I'm issuing following two queries (within the same READ COMMITTED transaction) to that table:
- first query (A): SELECT id FROM events ORDER BY events.id DESC LIMIT 1 - I'm saving the result as a "max ID" for the second query
- second query (B): SELECT id, ... FROM events WHERE id > "min ID" AND id <= "max ID" AND ...
  - I won't dig into what's "min ID" but you can assume it's at most 100 less than "max ID"

Concurrently, rows are being added to that table.

Please note that there's enough data in the index for the first query (A) to perform an index-only scan. I'm not sure if that's relevant but "B" query does an index scan because of other conditions I haven't mentioned but still needs to fetch data from the table's heap.

Here's what happening to me: the "A" query occasionally (in my case: on the order of tenths per day) returns an ID _higher_ than any ID present in second query's result (other conditions I haven't specified do _not_ filter any more rows than "id <= max ID") - as if some entries were visible for the first query, but not for the second one. This is an inconsistency that is very problematic for me.

All I can think of is that it might be caused by the index-only-scan and READ COMMITTED transaction isolation level but from what I gather from documentation, it should not be possible due to the use of visibility map[0][1][2].

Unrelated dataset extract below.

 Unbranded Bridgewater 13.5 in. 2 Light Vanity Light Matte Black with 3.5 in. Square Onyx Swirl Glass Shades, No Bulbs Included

And yet it happens, likely for some other reason but I can't think of any. I've tried switching transaction isolation level to REPEATABLE READ (on the basis that it's an faulty phenomenon occurring during to some bug) but that didn't help.

Where am I wrong? What am I missing? What information may I provide to help with investigating this?


--
Kind regards,
Jacek Kołodziej
http://kolodziejj.info


>- first query (A): SELECT id FROM events ORDER BY events.id DESC LIMIT 1 - I'm saving the result as a "max ID" for the second query

Just a suggestion. The first query is not really needed.
You can simply do:
second query (B):

SELECT id
, ...
  FROM events
 WHERE id > MIN(ID)
   AND id <= MAX(ID)
   AND ...

MAX and MIN functions

Hi Melvin, thank you for the suggestion. Unfortunately it won't do in my case. Sorry for not providing enough context in the first place.

After making the first query (A), I'm iterating over that table (with LIMIT 100 and increasing OFFSET) - using a query "B" - until another condition is met; overall, code is supposed to gather a number of rows from the table. I'm also using the "max ID" for another purpose. 



--
Melvin Davidson
I reserve the right to fantasize.  Whether or not you
wish to share my fantasy is entirely up to you.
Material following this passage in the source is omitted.